This film is a self-reflective film.The definition of self-reflexivity, as the most explicit consideration of the relations between images and production processes: within self-reflexive films there is a thematized coincidence of the conditions of production and the images produced. To state it simply, there is a camera within a film image which helps to define the relations between the figures “camera” and “image”, collapsing the distance between the two terms. Sometimes, it is called mise-en-abyme, or “a film within film”. The function of this kind of film is to make its audience aware of the fact that they are watching a film so as to let the audience understand the mass media as well as the social realities.
In this film of Bolivar soy yo, this self-reflexivity of the film includes obsession with celebrity personalities. For example, the “actor” Santiago Miranda gets so obsessed with his role as Bolivar that he is unable to kill off his character. He keeps dressing the 19c uniform of Bolivar wherever he goes. He thinks he is Bolivar. “CUT CUT CUT! Bolivar didn’t die this way! I refuse to kill Bolivar in this or any other way!” A familiar example would be the famous Chinese actor of Zhang Guorong, whose suicide was due to his obsession with his last film which is a psychological thriller film, Yidukongjian. He could not go out of the depression and gloominess and ended up with death.
Here is also a self-reflexivity of the prostitute.. From the words of the prostitute here, she always pretends to have the sexual pleasure during the intercourse with her customers. Prostate:”…” Santiago: does not want to do the falsity in the drama anymore. Actually, in my views, their professional nature are quietly the same, both of them have to do the things the society askes them to do.

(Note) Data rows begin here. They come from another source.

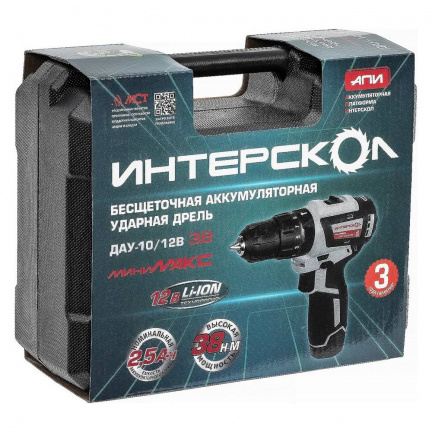 Аккумуляторная дрель-шуруповерт ИНТЕРСКОЛ ДА-10/12В 687.1.2.70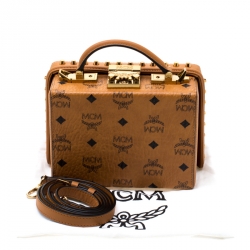 MCM Brown Cognac Leather Berlin Shoulder Bag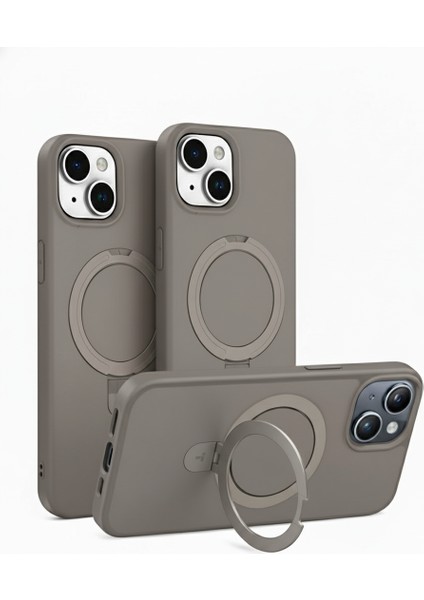 Iphone 15 Plus Uyumlu Kılıf Magsafe Şarj Destekli Açılır Standlı Çizilmez Yumuşak Kapak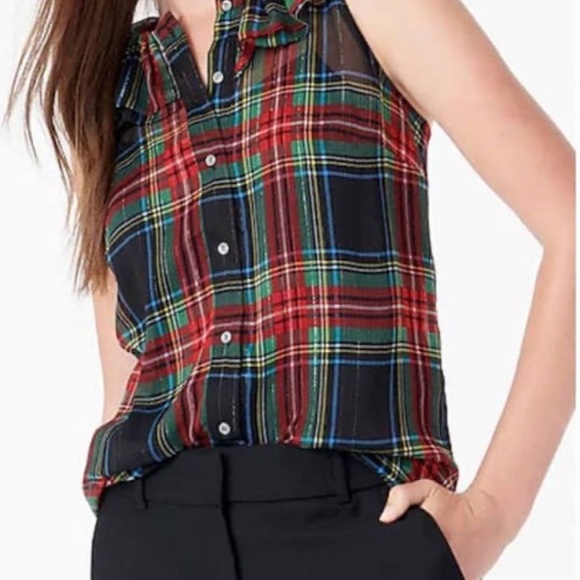 J. CREW Red Black Metallic Stewart Tartan Plaid Sleeveless Holiday Blouse Small - Picture 3 of 6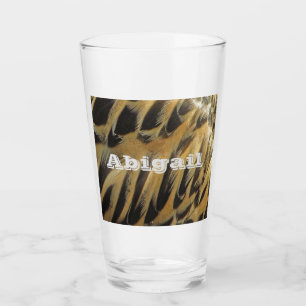 Verre Elégante Brown Plumes de canard Motif Photo Nature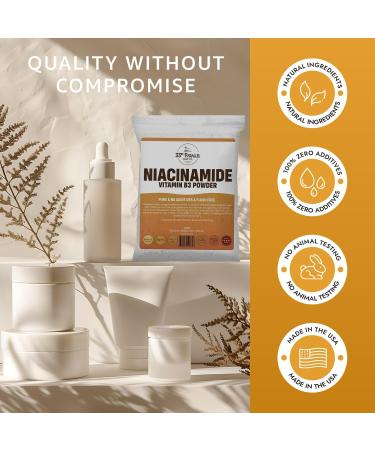 33RD PARALLEL SOAP CO. Niacinamide Powder Vitamin B3 (4oz) Brightens Skin, Reduces Dark Spots, Boosts Collagen & Hydration for Serums, Creams, Toners & DIY Skincare | 4 Ounces - Buy Online on GoSupps.com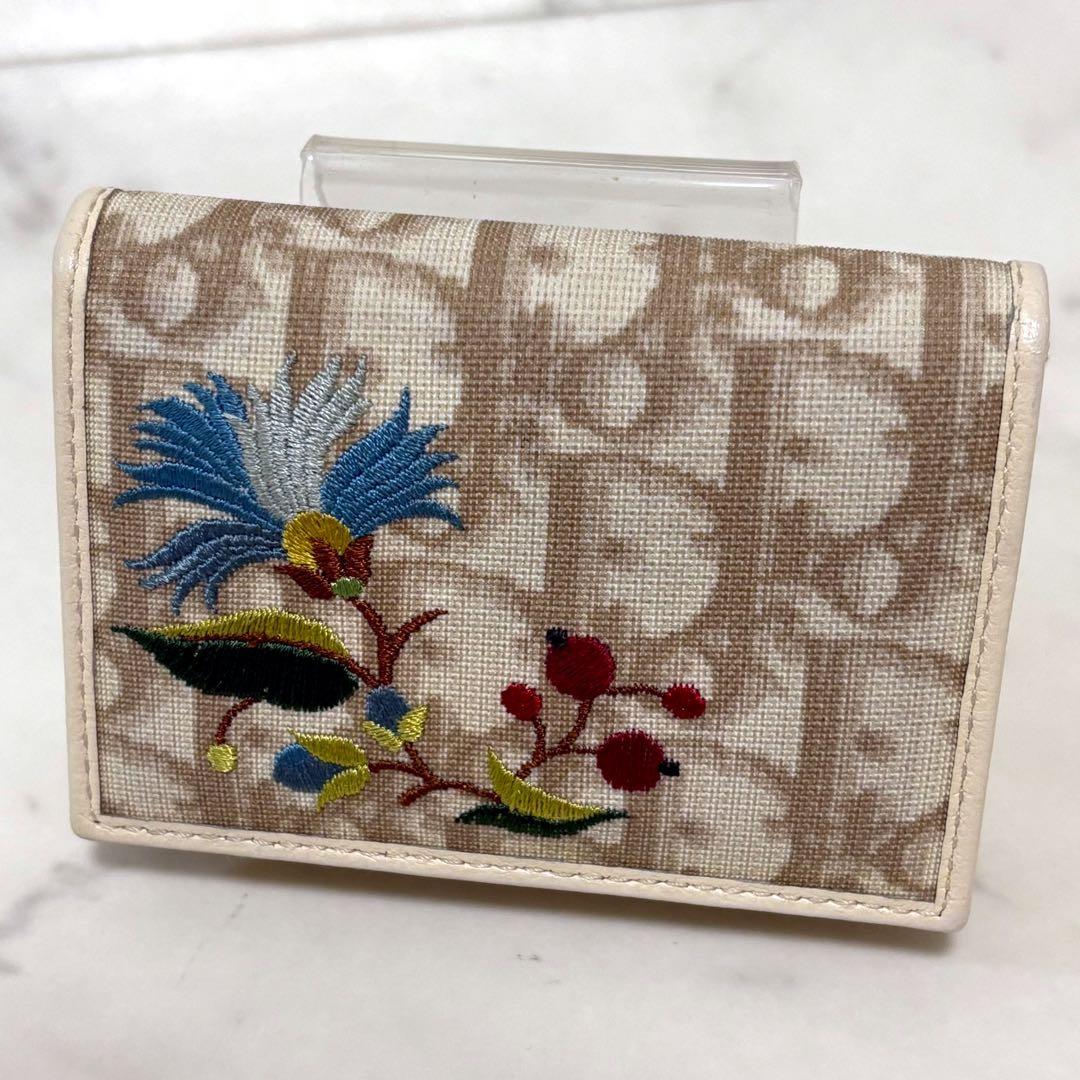 Dior ディオール 花刺繍 トロッター 総柄 pvc レザー カード 名刺入れ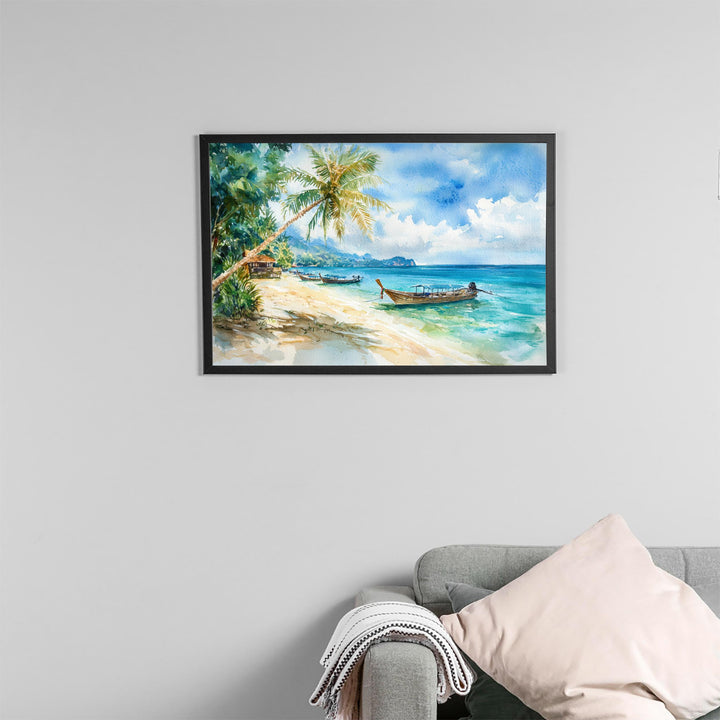 Koh Lanta Thailand Watercolor Poster Koh Lanta Travel Print Tropical Island Painting Beach Wall Art Asia Souvenir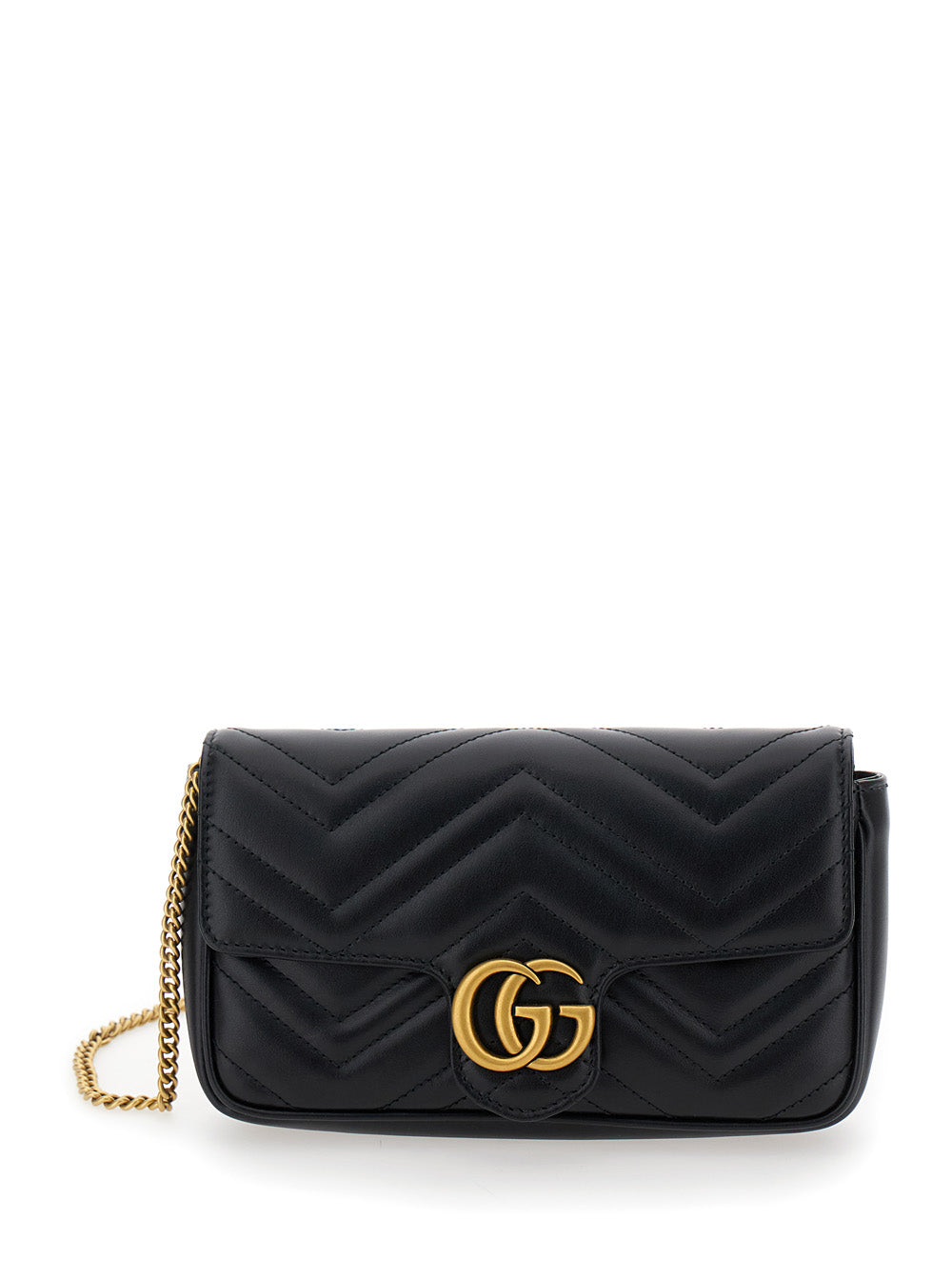 Gucci Women Black Mini Shoulder Bag 'Gg Marmont 2.0' With Double G In Chevron Leather For Women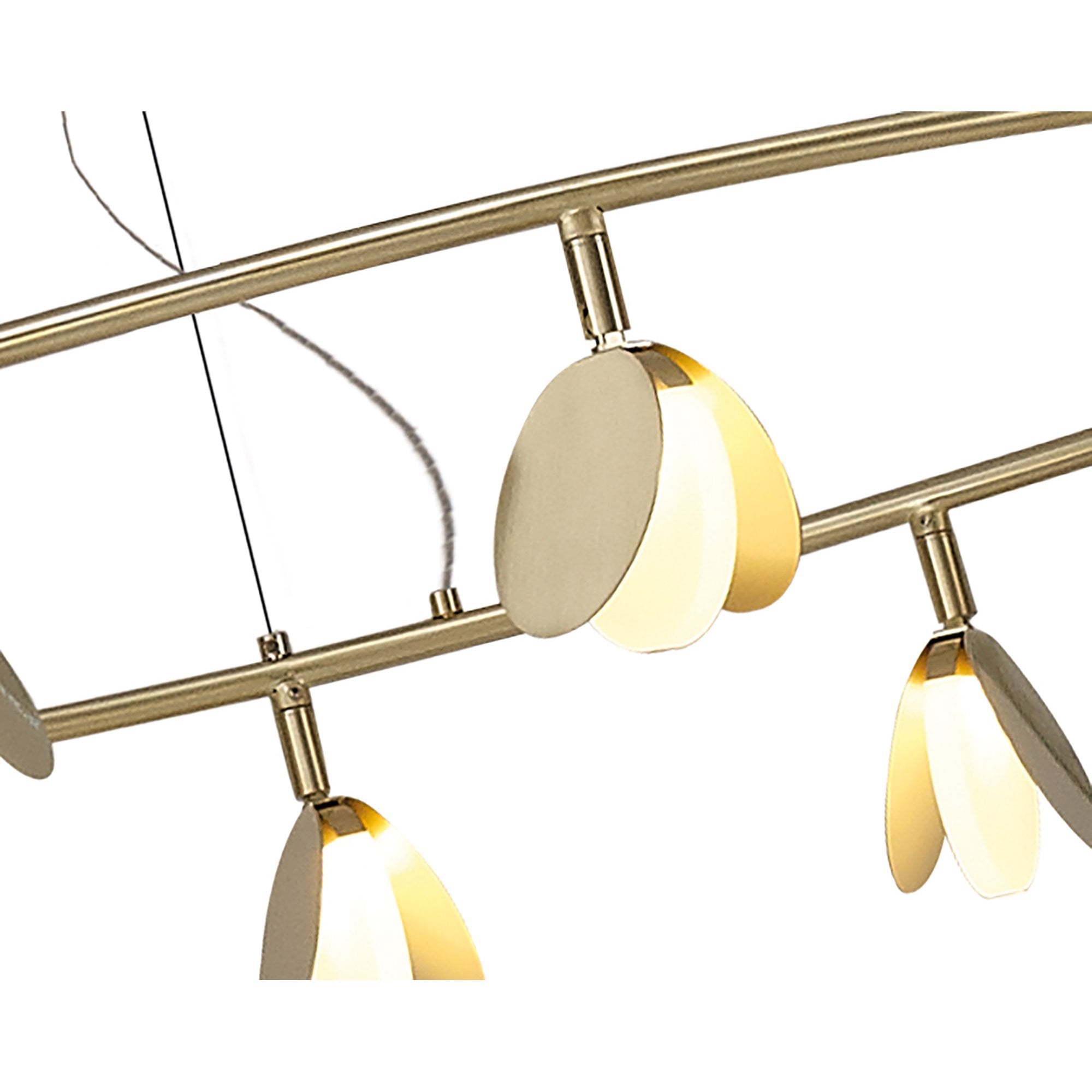 M7260 Shell 12 Light Pendant Round 50W LED Gold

Let’s move on to the power of mass media through the self-reflexivity of this film. He was invited to give a speech in fully nineteenth-century military uniform at an international summit of Bolivarian presidents. He said to the president
“You take care of the theater and I’ll take care of the politics!”
In this case, the Colombian president’s use of this soap-opera Bolivar is to use the proliferation of media to serve to the fictive nature of the state’s performance of power.
However, in Santiago’s speech, we could see the other side of this power: he became a threat of this political structure. He did not follow the scripts the president gave him and even kidnapped the president.